"Seek ye diligently and teach one another words of wisdom;
yea, seek ye out of the best books words of wisdom;
seek learning, even by study and also by faith."
Doctrine and Covenants 88:118

"And the gatherer sought to find pleasing words, worthy writings, words of Truth."
Ecclesiastes 12:10



Wednesday, January 9, 2019

A Prophetic Dream

"About ten days ago I retired very late.  I had been waiting for important dispatches from the front.  I could not have long been in bed when I fell into a slumber, for I was weary.  I . soon began to dream.  There seemed to be deathlike stillness about me.  Then I heard subdued sobs, as if a number of people were weeping.  I thought I left my bed and wandered downstairs.  There the silence was broken by the same pitiful sobbing, but the mourners were invisible.  I went from room to room; no living person was in sight, but the same mournful sounds of distress  met me as I passed along.  It was light in all the rooms.  Every object was familiar to me, but where were all the people who were grieving as if their hearts would break?

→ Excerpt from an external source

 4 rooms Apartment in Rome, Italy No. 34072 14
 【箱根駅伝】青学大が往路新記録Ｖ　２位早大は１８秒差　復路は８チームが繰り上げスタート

"I was puzzled and alarmed.  What could be the meaning of all of this?  Determined to find the cause of a state of things so mysterious and so shocking, I kept on until I arrived at the East Room, which I entered.  There I met with a sickening surprise.  Before me was a catafalque, on which rested a corpse wrapped in funeral vestments.  Around it were stationed soldiers who were acting as guards; and there was a throng of people, some gazing mournfully upon the corpse, whose face was covered, others weeping pitifully.

"'Who is dead in the White House?'  I demanded of one of the soldiers.

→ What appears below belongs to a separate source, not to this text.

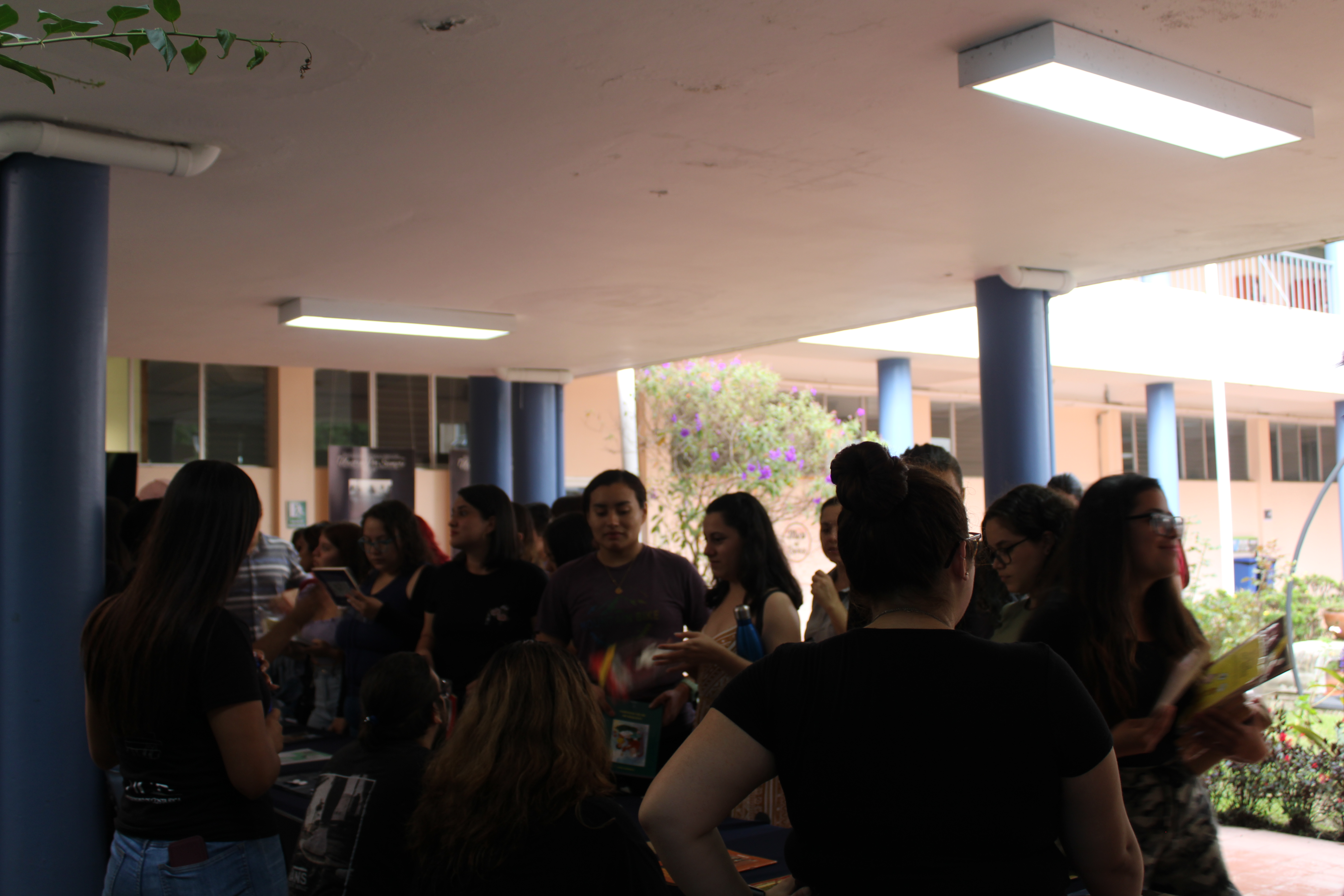 Estudiantes en la liberación de libros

"'The President,' was his answer.  'He was killed by an assassin.

Then came a loud burst of grief from the crowd, which awakened me from the dream.  I slept no more that night and although it was only a dream, I have been strangely annoyed by it ever since."



This version is from Carl Sandburg's Lincoln.  The ultimate source is a recollection written down many years later by Ward Hill Lamon, an old friend and associate of the president.  As with most things historical, the account is not without its detractors or doubters.  The time of Lamon's anecdote was just a few days before Lincoln's death.